Re: SPI DatasetGraph creating Triples/Quads on demand using DatasetGraphInMemory

Andy Seaborne Fri, 04 Mar 2016 05:41:40 -0800

On 03/03/16 10:47, Joint wrote:



Hi Andy.
I implemented the entire SPI at the DatasetGraph and Graph level. It got to the 
point where I had overridden more methods than not. In addition writes are not 
supported and contains methods which call find(ANY, ANY, ANY) play havoc with 
an on demand triple caching algorithm! ;-) I'm using the TriTable because it 
fits and quads are spoofed via triple to quad iterator.
I have a set of filters and handles which the find triple is compared against 
and either passed straight to the TriTable if the triple has been handled 
before or its passed to the appropriate handle which adds the triples to the 
TriTable then calls the find. As the underlying data is a tree a cache depth 
can be set which allows related triples to be cached. Also the cache can be 
preloaded with common triples e.g. ANY RDF:type ?.
Would you consider a generic version for the Jena code base?

Sure - if it is a general capability, then it would be good to have aframework for writing read-only adapters to external data.
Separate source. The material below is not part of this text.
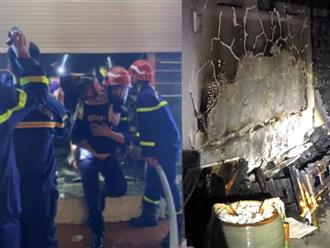 Cháy nhà dân lúc rạng sáng ở Hải Phòng: Cảnh sát phá cửa cuốn, giải cứu 3 người mắc kẹt trong đám cháy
<insert stuff about tests documentation etc>

I'm still unclear as to why you aren't hooking to one subclass ofDatasetGraph but maybe the code will make that clearer.


    Andy

Dick

-------- Original message --------
From: Andy Seaborne <[email protected]>
Date: 18/02/2016  6:31 pm  (GMT+00:00)
To: [email protected]
Subject: Re: SPI DatasetGraph creating Triples/Quads on demand using
   DatasetGraphInMemory

Hi,

I'm not seeing how tapping into the implementation of
DatasetGraphInMemory is going to help (through the details

As well as the DatasetGraphMap approach, one other thought that occurred
to me is to have a dataset (DatasetGraphWrapper) over any DatasetGraph
implementation.

It loads, and clears, the mapped graph on-demand, and passes the find()
call through to the now-setup data.

        Andy

On 16/02/16 17:42, A. Soroka wrote:

Based on your description the DatasetGraphInMemory would seem to match the 
dynamic load requirement. How did you foresee it being loaded? Is there a large 
over head to using the add methods?


No, I certainly did not mean to give that impression, and I don’t think it is 
entirely accurate. DSGInMemory was definitely not at all meant for dynamic 
loading. That doesn’t mean it can’t be used that way, but that was not in the 
design, which assumed that all tuples take about the same amount of time to 
access and that all of the same type are coming from the same implementation 
(in a QuadTable and a TripleTable).

The overhead of mutating a dataset is mostly inside the implementations of 
TupleTable that are actually used to store tuples. You should be aware that 
TupleTable extends TransactionalComponent, so if you want to use it to create 
some kind of connection to your storage, you will need to make that connection 
fully transactional. That doesn’t sound at all trivial in your case.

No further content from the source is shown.